Did you analyze the garbage collection?
Most stops are related to a bad GC tuning
JVM information (CPU & memory usage from all heaps) would really help to find out what's going on. According to the startup script, you're running with the default GC, try to use CMS instead, even with such small heaps (1303 MB).
Also, the performance of HotRod request can differ with various key/value sizes, are these ~constant?
We updated the clustered.conf and adjusted the garbage collection. This seems to help.
# This file is optional; it may be removed if not needed.
# Specify the maximum file descriptor limit, use "max" or "maximum" to use
# the default, as queried by the system.
# Defaults to "maximum"
# Specify the profiler configuration file to load.
# Default is to not load profiler configuration file.
# Specify the location of the Java home directory. If set then $JAVA will
# be defined to $JAVA_HOME/bin/java, else $JAVA will be "java".
# Specify the exact Java VM executable to use.
if [ "x$JBOSS_MODULES_SYSTEM_PKGS" = "x" ]; then
# Uncomment the following line to prevent manipulation of JVM options
# by shell scripts.
# Specify options to pass to the Java VM.
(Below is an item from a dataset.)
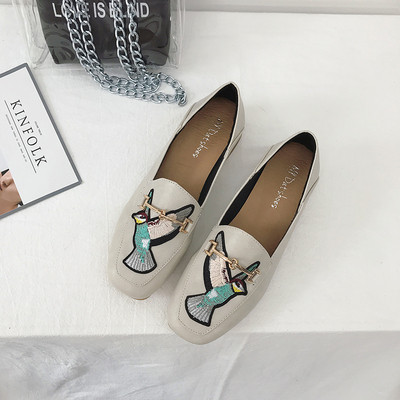 Pantofi de dama cu broderie si decor metalic in trei culori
if [ "x$JAVA_OPTS" = "x" ]; then
JAVA_OPTS="-Xms4G -Xmx8g -XX:MaxPermSize=256m -Djava.net.preferIPv4Stack=true \
-Dorg.jboss.resolver.warning=true -Dsun.rmi.dgc.client.gcInterval=3600000 \
-Dsun.rmi.dgc.server.gcInterval=3600000 -Djboss.modules.system.pkgs=$JBOSS_MODULES_SYSTEM_PKGS \
-Djava.awt.headless=true -Djgroups.bind_addr=infinispan-node -Djboss.bind.address=infinispan-node \
-Djgroups.udp.ip_ttl=1 -Djboss.bind.address.management=infinispan-node -Dsun.nio.ch.bugLevel=''"
echo "JAVA_OPTS already set in environment; overriding default settings with values: $JAVA_OPTS"
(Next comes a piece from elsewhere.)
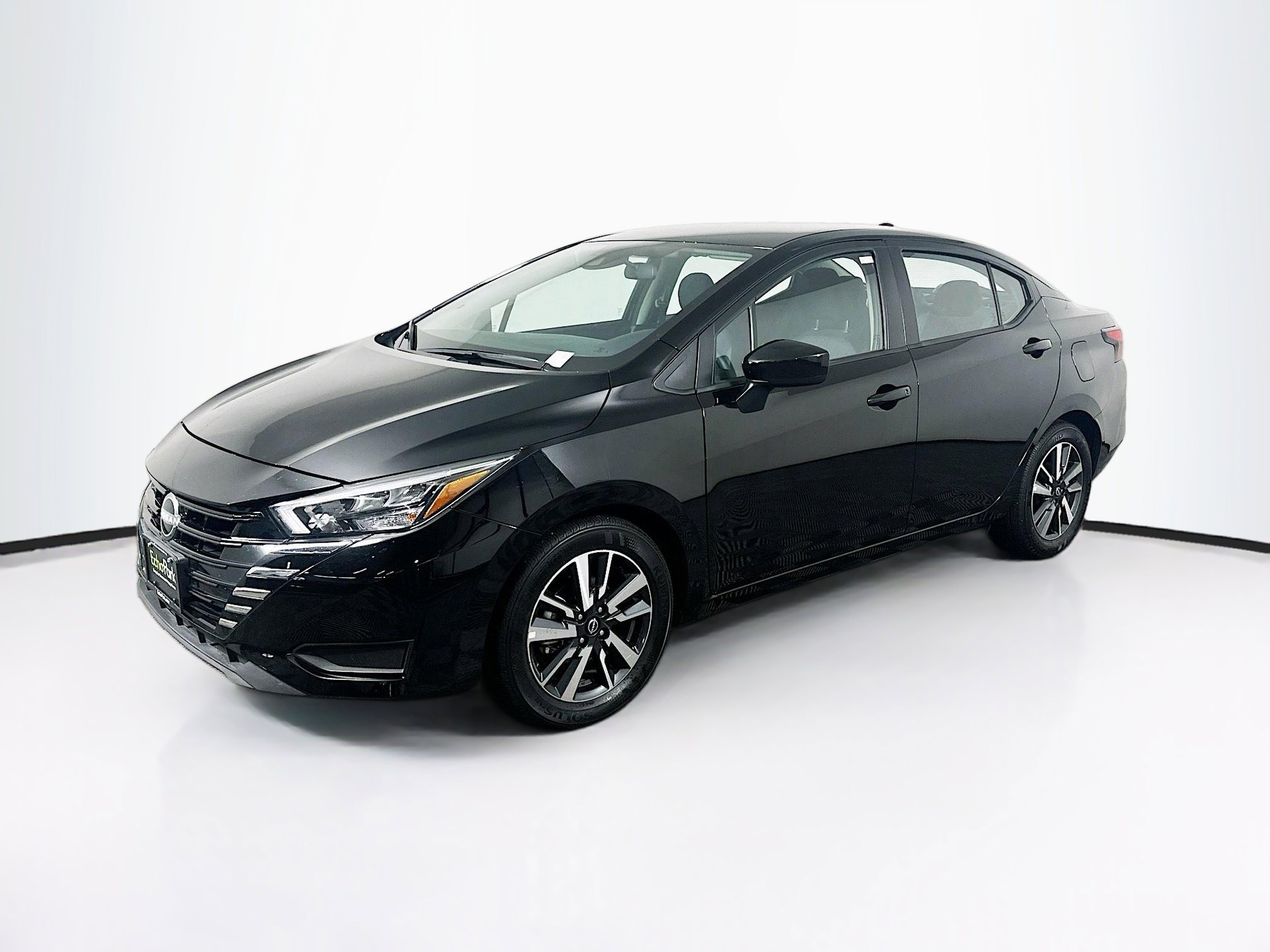 Used 2025 Nissan Versa SV image 3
# Sample JPDA settings for remote socket debugging
# Sample JPDA settings for shared memory debugging
# Uncomment to not use JBoss Modules lockless mode
# Uncomment to gather JBoss Modules metrics
You should set the heap size -Xms8G -Xmx8g as this prevent from recalculating the amount of heap during runtime.
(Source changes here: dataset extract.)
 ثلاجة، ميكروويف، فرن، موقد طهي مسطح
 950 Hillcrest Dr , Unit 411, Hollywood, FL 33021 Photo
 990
Also you might add -Xloggc:mylog.log -verbose:gc to analyse the behaviour, you'll find lot of explanations if you search for it.
Maybe if you use the latest Java6 or Java7 you can use the G1 GC which might have a better performance.
Yes we have been tuning the GC. But I now think that our pauses have to do more with the fact that we may be hitting the serer too hard with too many connections. We I did the thread dump the Hot Rod client is waiting for log stints to perform IO.
We have been playing around with the GC trying to get our max read time below 5ms and max write below 10ms without much luck. We do observe that the more client threads we have the more outliers we observe. Is there any reason that a dirty read would take longer than a write given that we are not doing locking? All our calls are synchronous.
Why do you expecte max latency below 10 ms when you're setting GC pause to 2000 ms? Obviously, max latency can be > 2000 ms if you try long enough (to let GC do its job, fulfilling the limit you're asking for).
Regrettably, with state-of-the art Java GCs this is not possible, Java is not hard real-time platform. Moreover if you use clustered mode, network latencies (or lost messages delivered later) can complicate it a lot more.
You can optimize only certain quantiles, but there will always be some outliers.